FILE - An immigrant considered a threat to public safety and national security has his fingerprints scanned as he is processed for deportation by U.S. Immigration and Customs Enforcement agents at the ICE Metropolitan Detention Center in Los Angeles, June 6, 2022. (AP Photo/Damian Dovarganes, File)

Credit: AP

Credit: AP

FILE - An immigrant considered a threat to public safety and national security has his fingerprints scanned as he is processed for deportation by U.S. Immigration and Customs Enforcement agents at the ICE Metropolitan Detention Center in Los Angeles, June 6, 2022. (AP Photo/Damian Dovarganes, File)

A woman who was arrested in Greene County by Immigration and Customs Enforcement agents in January had a previous felony conviction related to entering the United States illegally, court records show.

Melania Franco Rios, a citizen of Mexico, had previously been removed from the United States in 2022, per an affidavit filed in the Southern District Court of Ohio by a special agent with the U.S. Department of Homeland Security Investigations.

Rios and a man were arrested Jan. 26 in Greene County and taken into custody by ICE. They were originally pulled over by Sugarcreek Twp. police for a fictitious license plate, police records show.

Franco Rios pleaded guilty in October 2022 to a felony of using a false birth certificate to enter the United States, according to the court affidavit. That June, Franco Rios presented an Alabama birth certificate belonging to her sister, telling Texas border agents that she was traveling to the United States to work.

Rios was sentenced to 81 days in prison, but was instead returned to Mexico in late October 2022.

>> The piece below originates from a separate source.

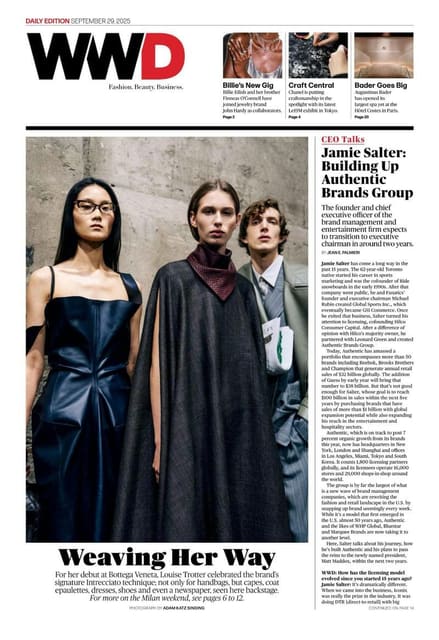WWD 09/29/2025 Cover — WWD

Records obtained by the Dayton Daily News show that Sugarcreek Twp. police conducted a traffic stop on Wilmington Pike around 10:15 a.m. on Jan. 26 on a red Ford F150, as the license plate on the truck belonged to a different car.

Police said they interacted with the male driver, who didn’t speak English, and who supplied a Mexico Identification Card and the title of the vehicle. The female passenger, later identified as Franco Rios, translated for police and said she did not have a driver’s license.

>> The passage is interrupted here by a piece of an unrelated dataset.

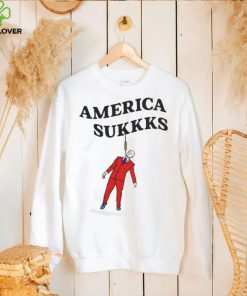 Official Vuhlandes America Sukkks T shirt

The driver was found to have a visa that had expired in June 2023, and therefore “was currently in the United States illegally,” police documents say, adding that ICE agents were then called.

According to the Homeland Security court affidavit, the group that responded included Immigration and Customs Enforcement (ICE) Enforcement and Removal Operations (ERO) Deportation Officers (DOs). Using a mobile fingerprinting device, the officers scanned Franco Rios, ran the prints against an immigration database, and identified her and her previous offense.

The affidavit says ERO officers assumed custody of Franco Rios. Court documents say there is probable cause for her to be charged with violating Title 8 of U.S. Code, Section 1326a-b, regarding “reentry of previously removed alien with prior felony conviction,” according to the court affidavit.

This development comes as President Donald Trump has promised to increase “expedited removal” of certain immigrants.

Trump’s border czar, Thomas Homan, has said recently that the administration’s priority is removing violent criminals, but that other people in the United States illegally could be caught in the process.